Condominum Association Annual Meetings (Part II)

Attorney Articles and Publications

The following article by Eric Frizzell was originally published in the March 15, 2009 issue of The Record newspaper. 

Condominium association annual meetings (Part II)

By Eric F. Frizzell, Esq., Buckalew Frizzell & Crevina LLP

     In last month’s column, we reviewed general legal issues that sometimes arise at a condominium association’s annual meeting and election of trustees. Most New Jersey condominium associations are non-profit corporations and therefore also must comply with the New Jersey Nonprofit Corporation Act’s requirements for annual meetings and elections.

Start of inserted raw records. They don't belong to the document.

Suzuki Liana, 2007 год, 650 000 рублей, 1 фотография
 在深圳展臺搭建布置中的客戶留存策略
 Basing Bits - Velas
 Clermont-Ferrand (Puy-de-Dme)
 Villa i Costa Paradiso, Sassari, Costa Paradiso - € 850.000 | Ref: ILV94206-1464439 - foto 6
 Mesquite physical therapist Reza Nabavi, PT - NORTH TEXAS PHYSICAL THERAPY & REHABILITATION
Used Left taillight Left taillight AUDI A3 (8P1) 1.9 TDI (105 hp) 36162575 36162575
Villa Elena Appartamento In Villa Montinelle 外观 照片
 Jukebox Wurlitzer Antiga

An association’s failure to comply with the Act, if challenged in court, could result in a court invalidating an election, master deed or by-law amendment, or other action taken at an annual meeting.

     Under the Act, an association must provide written notice, to each member (unit owner) entitled to vote, of the time, place and purposes of the annual meeting. The notice must be given personally or by mail between 10 and 60 days before the date of the meeting. Only those owners who own their units as of the cut-off, “record” date are entitled to receive notice of the meeting and to vote. The record date must be between 10 and 60 days before the meeting. If neither the association’s by-laws nor the Board set the date, the Act fixes it as the day before the date on which notice of the meeting is given.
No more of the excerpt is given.